One of the most significant strengths of good graphic design (and with it, good interface design) is that things are laid out at predictable intervals. These intervals are typically referred to as the grid.

As pointed out above the atomic grid unit of the demonstration form is 24 pixels square, but there’s more to coherent layout than ensuring that design elements are placed at small-yet-predictable intervals. A truly effective grid has the following characteristics:

  • Column margins are placed at consistent grid intervals throughout the document.
  • Sequential sections within the same document share top margins with items in neighboring columns.
  • Illustrations within a layout are cropped or matted to dimensions that respect the widths of both columns and atomic grid intervals.
  • Even in cases where content falls into a single column punctuated with floated elements, the latter elements all share close commonalities of size and composition.

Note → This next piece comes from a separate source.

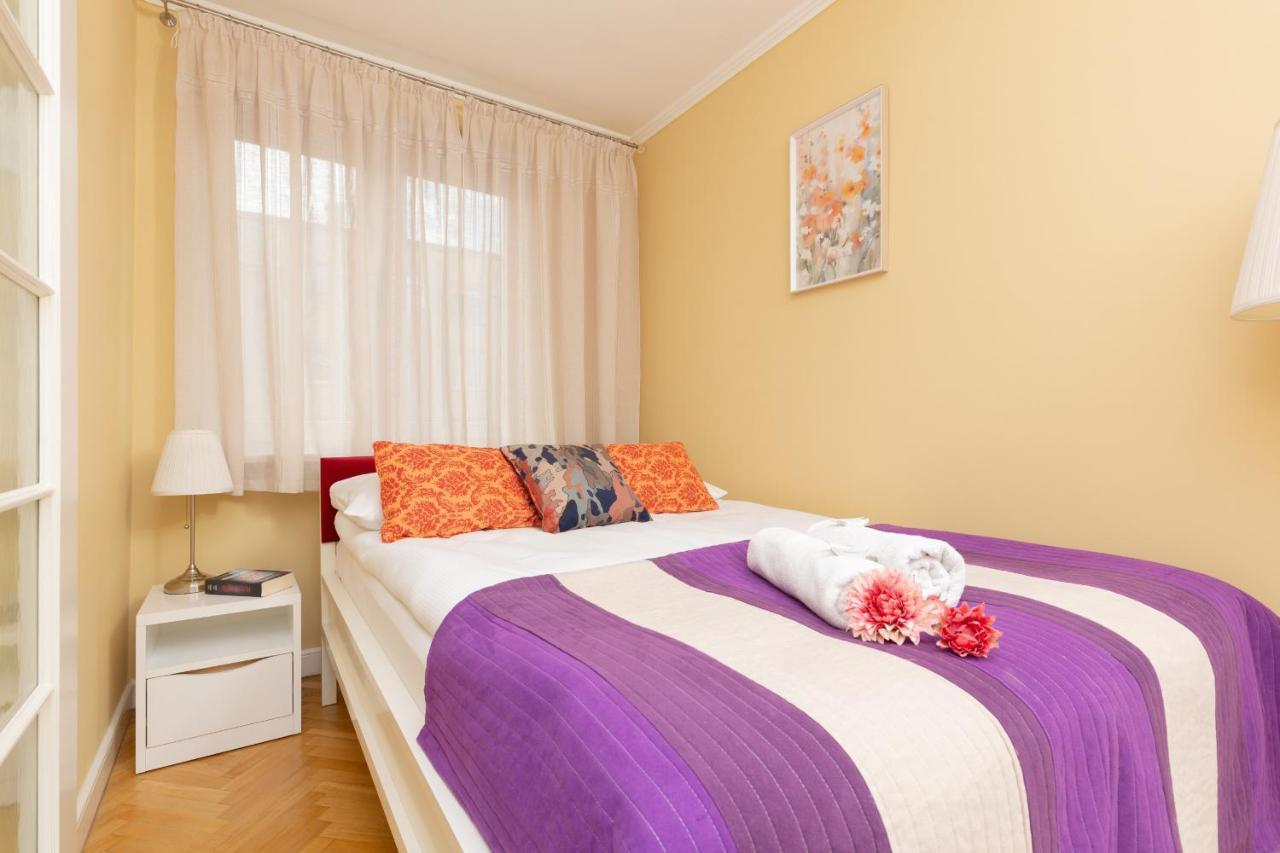 Miodowa Apartment Krasinski Garden Warsaw By Noclegi Renters Экстерьер фото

Layouts that manifest these characteristics are more attractive and easier to follow, which makes for a more usable site.

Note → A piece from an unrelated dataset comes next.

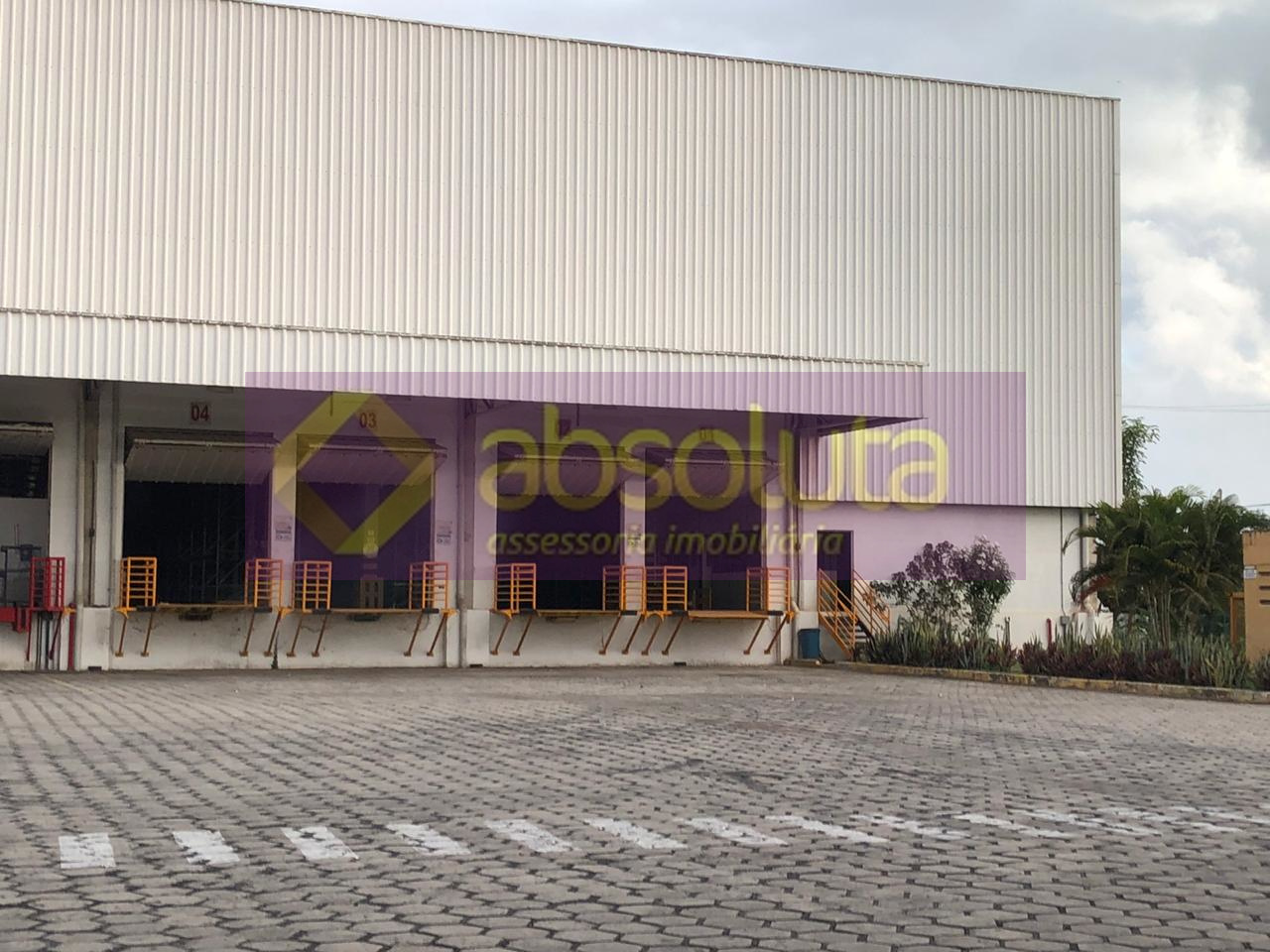 Módulos de galpão para locação na Muribeca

Creating the framework of a grid within a composite

The tool used by most professionals to create site layout composites is Adobe Photoshop, and one of its strengths is the easy access to grid lines that it provides. To display an atomic grid in Photoshop, you can select View → Show → Grid, which will display grid lines at the intervals set in Guides & Grid Preferences.

Superimposing guides for things like columns is then accomplished by selecting View → Rulers, switching to the Move tool, and dragging the pointer from the ruler as needed.

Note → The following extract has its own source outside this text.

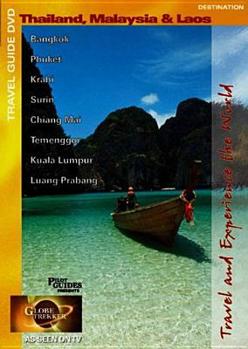DVD Globe Trekker: Thailand Malaysia & Lao Book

Enforcing the grid in your stylesheet

As the text styling article points out — reinforced by a few of the rules included in the demonstration stylesheet — the best way to enforce an atomic grid within a layout is to rely on em units. However, that by itself is not enough; the stylist must also keep their fraction-to-decimal conversions straight when dealing with alternate type sizes, gutters, and borders.

Another technique for enforcing grids is revealed in the demonstration stylesheet: the provision of class tokens that can refer to various element and column sizes in a document. When used consistently, these tokens do most of the work of enforcing your grid.

Demonstration 4

Keeping things aligned to a grid means assigning layout properties to the labels and form controls.

Links:

New styles:

label {
  display: block;
  float: left;
  clear: left;
  width: 10.286em;
  overflow: auto;
  padding-right: 1.714em;
  text-align: right;
}

input {
  height: 1.143em;
  border: .071em solid rgb(96,96,96);
  padding: .071em;
  line-height: 1;
}

Demonstration 4: background considerations

  • All form controls, including textareas and labels, are rendered as %inline elements by default.
  • In order to create a consistent left column, a width needs to be assigned to the label elements; in “strict” rendering mode, the padding supplied alongside makes a workable gutter between controls and labels a certainty.
  • Making both labels and controls flush to a common margin makes the form easy to follow. This fact and other points of composition are discussed as part of the discussion of the Rule of Thirds - see below.
  • At this point, there are obvious problems with the form:
    • The labels attached to the radio controls are assigned the same display and float values as the other labels on the form. In tandem with the existing height and overflow values, these elements collide with the following label-control pair in some browsers.
    • In Safari 3, the borders of text controls disappear in this slide. One suspects that this is a rendering bug.
    • The radio controls appear flush to one another in source order; this occurs because the intervening label controls are presently in a different layout context.
  • Another curiosity that bears mention is the assignment of overflow: auto to labels. The magic dust being applied here can be described as a rule: given one %block element within another, and given that only one of those has a height specified in static units or ems that expand to a known number of pixels, assigning overflow: auto to the other element — the one without a height value — will cause it to expand to the height of the element with a discrete height value. This technique is also used in Demonstration 11.

The Rule of Thirds

An early springtime scene on the north side of Pioneer Square, Portland, Oregon; superimposed with lines dividing the photo into nine more or less equal parts.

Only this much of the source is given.